**INPUT RECORDS**:
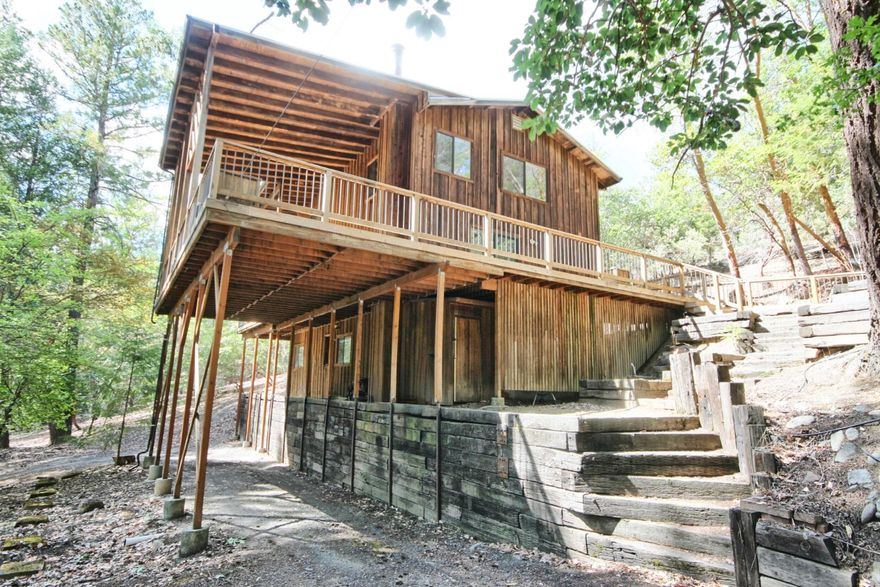 Not Your Average ''Cabin in the Woods'' Modern rustic retreat on 6+ forested acres adjacent to expansive public lands. 3 thoughtful levels. Main space sits at ''treehouse'' height, elevating your experience to serene views. Cathedral-style covered deck feels like an outdoor sanctuary, relax or entertain in any season. Updated kitchen, fit for a chef, opens to dining & living areas & features a generous pantry w/ abundant shelving, freezer & second fridge. 
This level also has 1/2 bath & three access doors to wrap around deck. Upstairs are 3 cozy bedrooms, including one w/ private deck & direct access to the updated bath. Finished daylight basement offers flexible space for guests or family w/ large bonus room, bedroom, full bath & laundry room, complete w/ a laundry chute from the top floor. 2 water heaters (1 solar), full house fan system, heat control in each room & generous attic space. Circular drive, equipment shed & easy ramp entrance that allows direct car access.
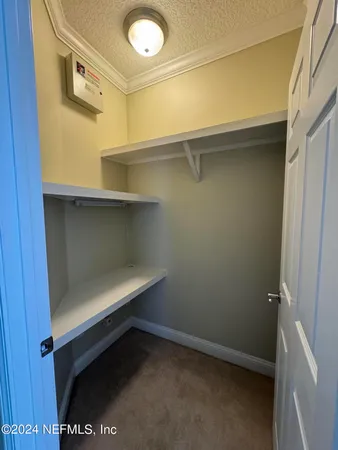 a bathroom with a shower and a sink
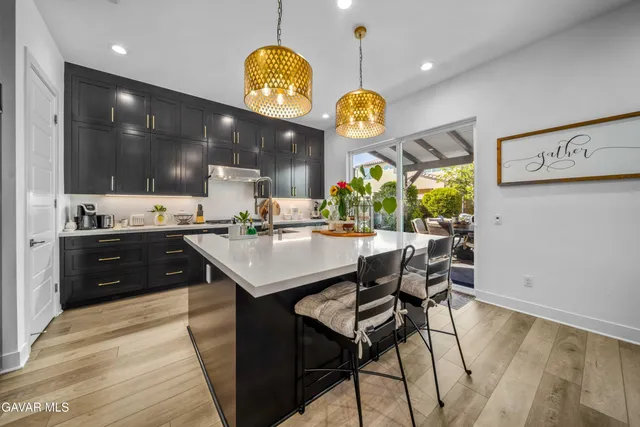 a kitchen with stainless steel appliances granite countertop a sink stove and cabinets
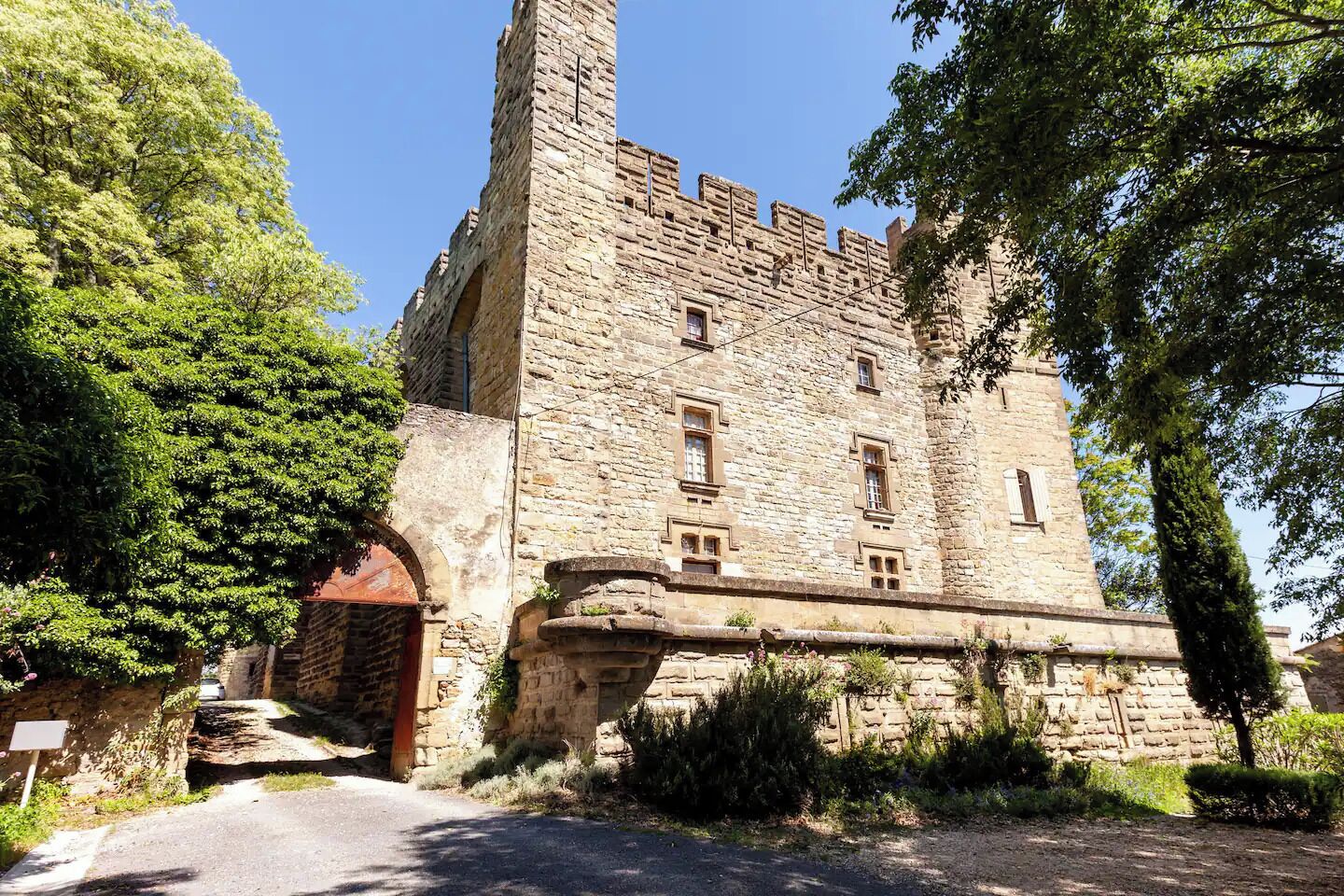 Un bâtiment historique en pierre, doté d’une tour imposante, d’une entrée en arc de cercle et de nombreuses fenêtres.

**PROMPT**:
Transcribe the records above exactly, leaving out every picture.

**ANSWER BELOW**:
 Not Your Average ''Cabin in the Woods'' Modern rustic retreat on 6+ forested acres adjacent to expansive public lands. 3 thoughtful levels. Main space sits at ''treehouse'' height, elevating your experience to serene views. Cathedral-style covered deck feels like an outdoor sanctuary, relax or entertain in any season. Updated kitchen, fit for a chef, opens to dining & living areas & features a generous pantry w/ abundant shelving, freezer & second fridge. 
This level also has 1/2 bath & three access doors to wrap around deck. Upstairs are 3 cozy bedrooms, including one w/ private deck & direct access to the updated bath. Finished daylight basement offers flexible space for guests or family w/ large bonus room, bedroom, full bath & laundry room, complete w/ a laundry chute from the top floor. 2 water heaters (1 solar), full house fan system, heat control in each room & generous attic space. Circular drive, equipment shed & easy ramp entrance that allows direct car access.
 a bathroom with a shower and a sink
 a kitchen with stainless steel appliances granite countertop a sink stove and cabinets
 Un bâtiment historique en pierre, doté d’une tour imposante, d’une entrée en arc de cercle et de nombreuses fenêtres.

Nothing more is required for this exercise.